*Exercise aim:*
Please write out exactly the lines of the data below from the line holding "Used FORD 7.8L" through the line holding "taisina online show from 1, 2, 2026", and leave out the rest.

*Extracted data:*

⟨

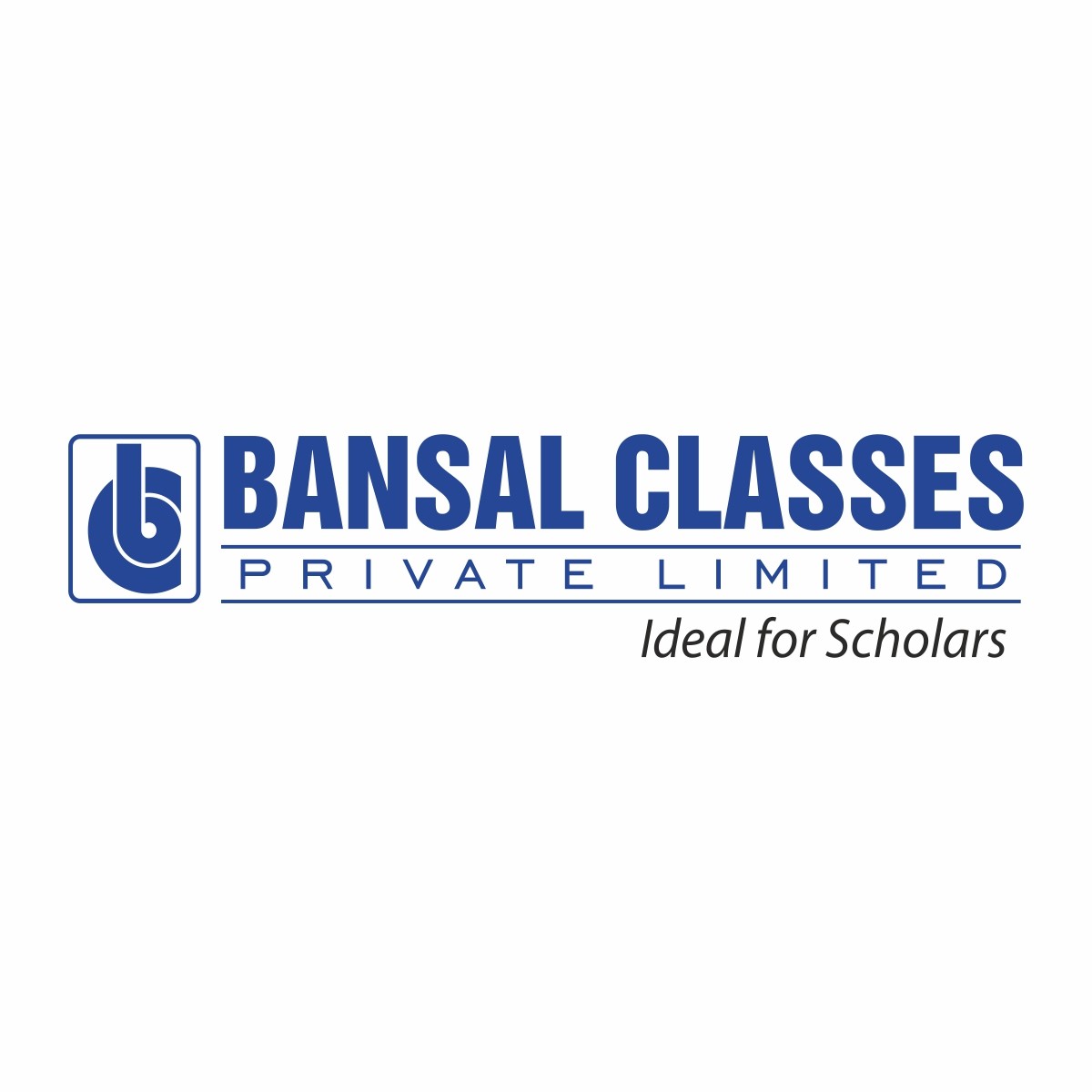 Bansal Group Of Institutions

⟩
⟨

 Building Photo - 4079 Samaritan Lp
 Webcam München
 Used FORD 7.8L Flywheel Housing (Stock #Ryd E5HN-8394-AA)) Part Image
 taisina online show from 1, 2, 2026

⟩

*Problem solution:*
 Used FORD 7.8L Flywheel Housing (Stock #Ryd E5HN-8394-AA)) Part Image
 taisina online show from 1, 2, 2026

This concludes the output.